Another core project area is the “Hancock County Thrive Center,” envisioned as a physical hub for workforce development and continuing education. Other areas include the State Road 9 corridor and health-focused projects centered on the east side of Indianapolis.

“The region evaluated projects based on several factors, which included alignment with regional goals and strategies; economic development potential; benefits to residents, workforce and employers; potential for collaboration within the region; and the likelihood of success,” the group wrote in its document.

Which of those projects will come to fruition remains to be seen. The document outlines the funding already secured and the funding requested from READI for each individual project. While some are already fully funded, others requested substantial amounts of money, with some individual projects requesting amounts well over the $5 million total awarded.

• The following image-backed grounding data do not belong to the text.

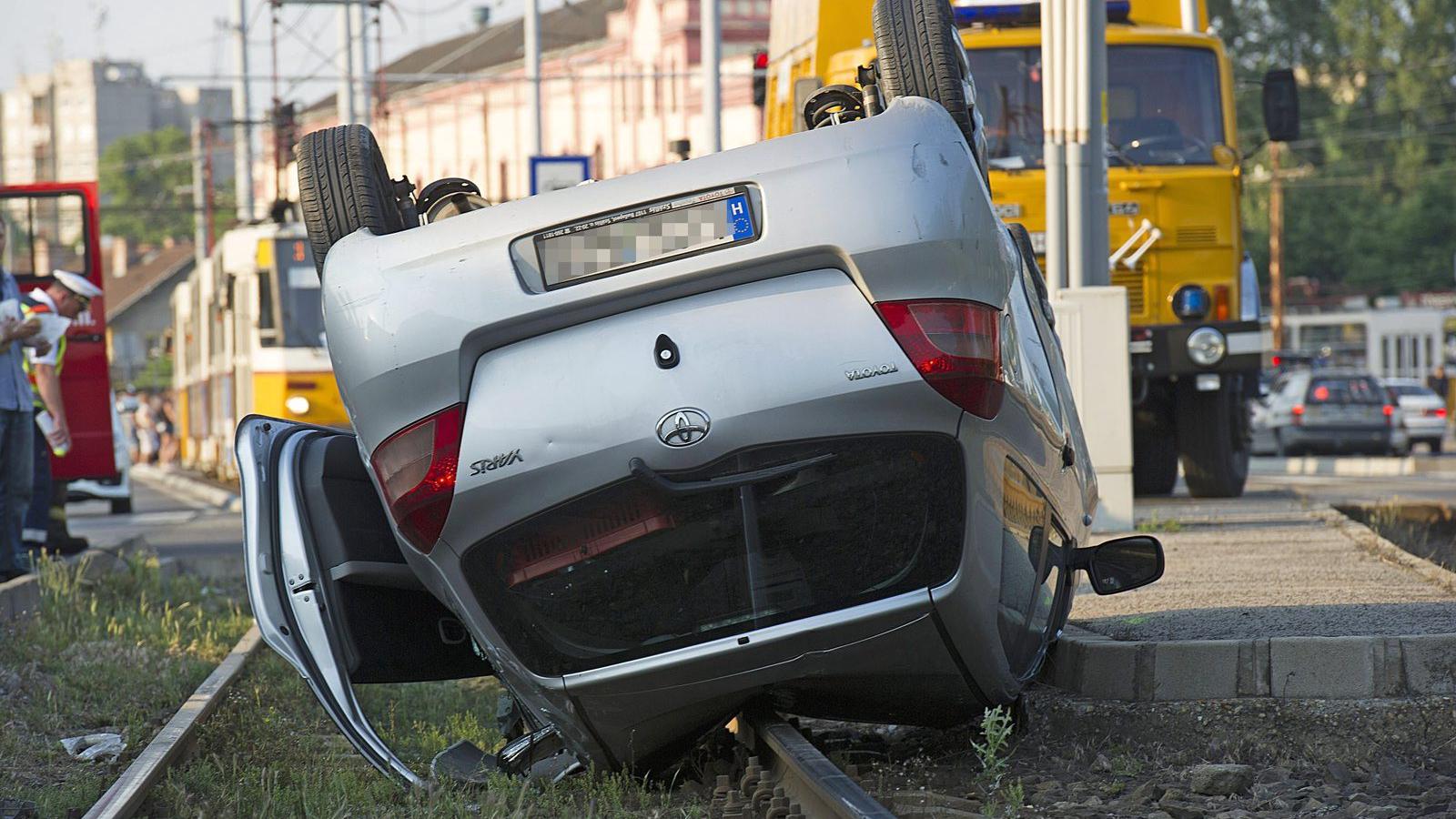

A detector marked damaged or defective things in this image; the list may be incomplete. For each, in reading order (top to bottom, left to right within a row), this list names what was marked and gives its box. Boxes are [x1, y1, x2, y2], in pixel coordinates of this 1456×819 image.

overturned silver car [244, 1, 1165, 774]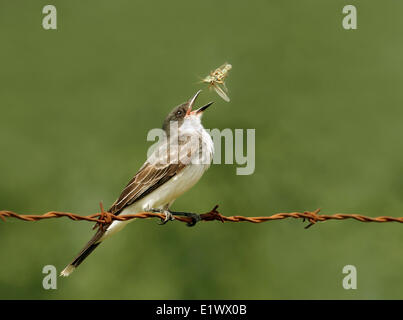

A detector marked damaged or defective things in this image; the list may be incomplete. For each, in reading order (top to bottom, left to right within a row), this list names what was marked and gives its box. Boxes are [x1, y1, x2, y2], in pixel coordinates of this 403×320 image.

rusty barbed wire [0, 204, 403, 229]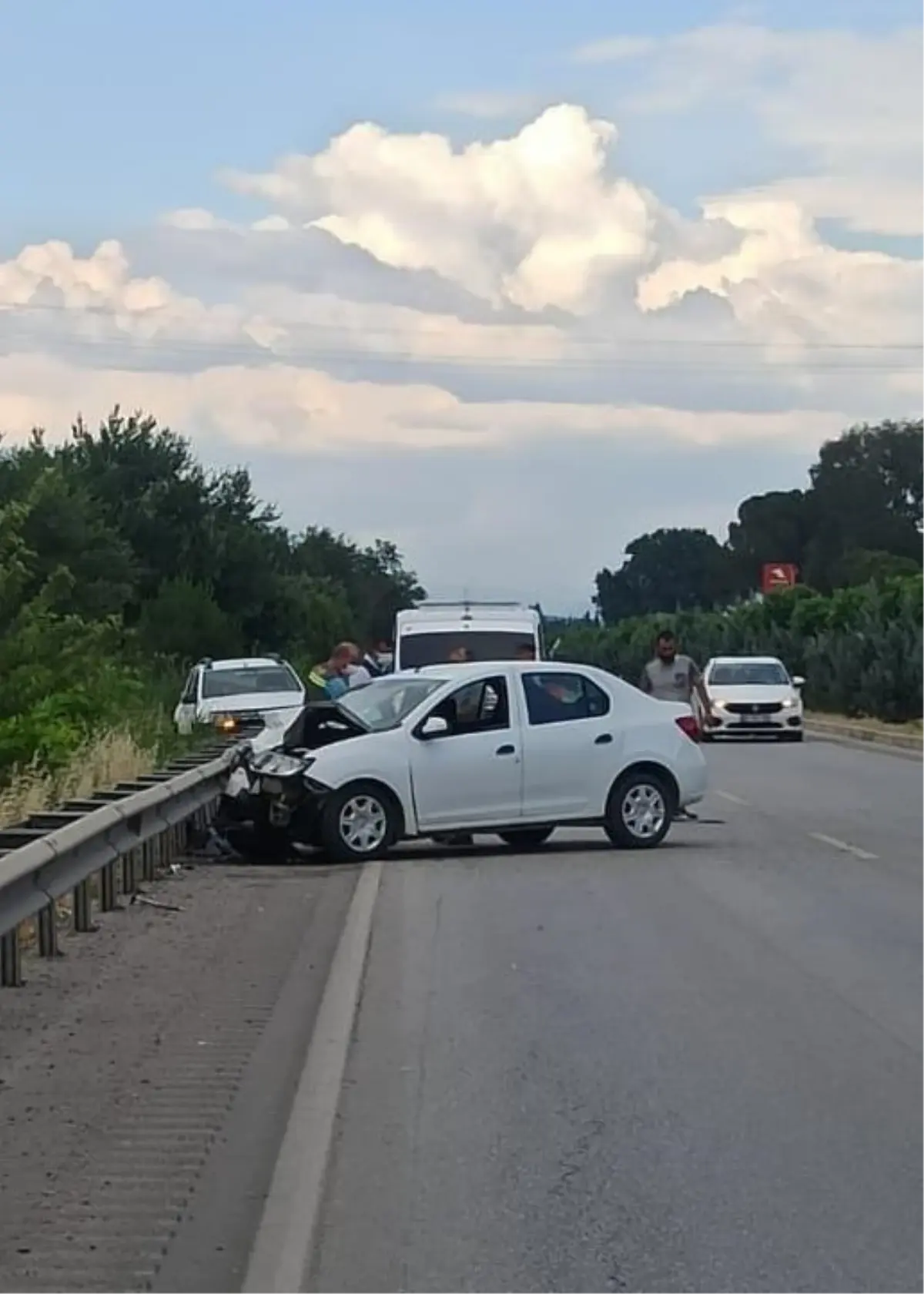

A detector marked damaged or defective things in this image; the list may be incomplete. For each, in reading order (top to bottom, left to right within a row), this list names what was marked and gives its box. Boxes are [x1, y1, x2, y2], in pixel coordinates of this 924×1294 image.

white crashed sedan [240, 662, 708, 863]
white crashed sedan [696, 656, 807, 739]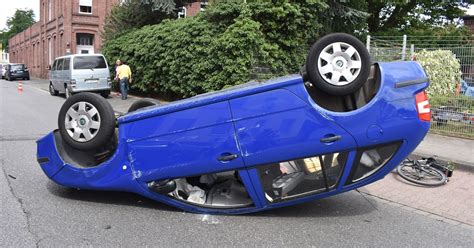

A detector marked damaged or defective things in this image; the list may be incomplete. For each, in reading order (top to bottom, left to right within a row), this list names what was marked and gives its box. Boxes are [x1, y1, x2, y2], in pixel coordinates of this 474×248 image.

exposed car wheel [306, 32, 372, 95]
exposed car wheel [58, 92, 115, 150]
overturned blue car [36, 34, 430, 214]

County Commissioner Bill Spalding, who also helped lead the process, said the amount awarded was “maybe disappointing but never discouraging.” Other regions, he said, were also awarded less than they asked for and will have to make the same decisions about how to prioritize their spending.

“I think we’re going to have to sit down and discuss what are the projects we want to prioritize and how we do that,” Spalding said.

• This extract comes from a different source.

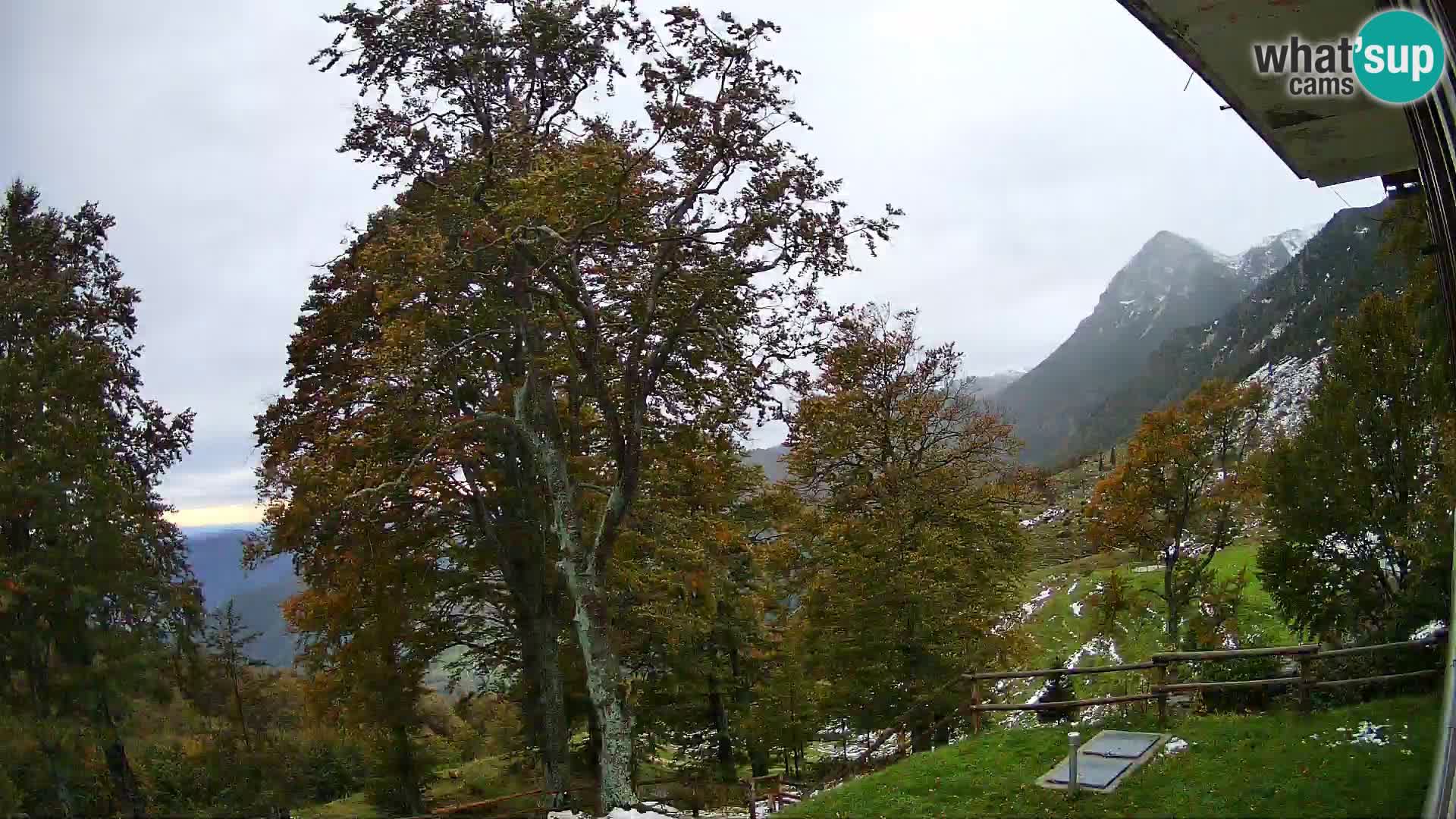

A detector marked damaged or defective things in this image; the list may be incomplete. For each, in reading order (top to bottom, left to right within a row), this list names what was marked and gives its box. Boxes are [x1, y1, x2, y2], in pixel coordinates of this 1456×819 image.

rusty metal roof edge [1112, 0, 1310, 181]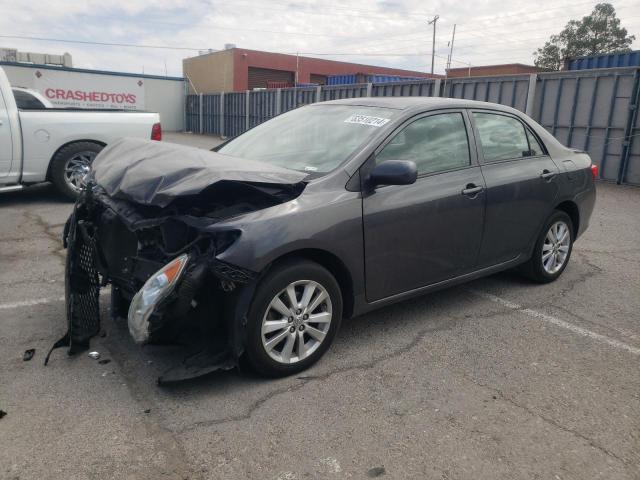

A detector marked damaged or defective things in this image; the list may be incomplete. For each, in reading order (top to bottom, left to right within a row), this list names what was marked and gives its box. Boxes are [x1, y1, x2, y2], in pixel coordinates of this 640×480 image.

Christine Owens, assistant town manager in Cumberland, was involved with putting together the region’s submission. She said she doesn’t feel disappointed by the amount of money the state chose to award.

“I think we’re just pleased to be awarded and given a chance to show what our region can do,” Owens said.

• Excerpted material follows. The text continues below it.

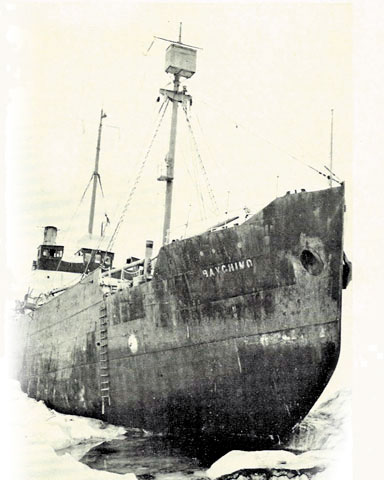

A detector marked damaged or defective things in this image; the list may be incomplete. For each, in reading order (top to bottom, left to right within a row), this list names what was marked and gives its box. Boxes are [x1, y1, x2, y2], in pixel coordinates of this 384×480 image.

rusty ship hull [14, 186, 344, 444]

Owens said the next step for READI stakeholders will be coming together to evaluate what projects to prioritize. She said the board has prepared several criteria for evaluating projects, including how they contribute to overall regional goals, sustainability, economic development potential, and what funding is already in place. .

Gibble said even though the region wasn’t awarded as much money as it asked for, the process of putting together a proposal was one that created meaningful projects and relationships that will continue to be valuable.

“That means we keep plugging along,” she said.

McCordsville is part of a READI coalition of communities on the White River basin, including Hamilton, Marion and Madison counties and Zionsville along with several other communities. The group applied to READI for $49 million and received $20 million.

Tonya Galbraith, McCordsville town manager, said she’s waiting to see how the funds will be divided among the coalition’s members.

“It was hard enough, really, because it was $200 million in projects originally that we got down to $49 million,” Galbraith said. “So now we’re at $49 million, we need to get down to $20 million.”

Of the original ask, McCordsville sought $4.3 million for help with the town center leaders have been working on.

“Which also was one of the smaller amounts,” Galbraith said. “…I am fearful that we may not do well.”

Sen. Mike Crider, R-Greenfield, praised the state’s awards in the program in a press release.

“I commend the READI grant applicants for their hard work and dedication to improving our community and creating a positive outlook for Indiana’s economic future,” Crider said. “I look forward to seeing the local impact these grants will have in Senate District 28, for present and future generations.”

Gibble said the state was so impressed with the proposals for the program that a second round of READI grants for 2022 is already being considered, to which the region could re-submit programs that it isn’t able to fund this round.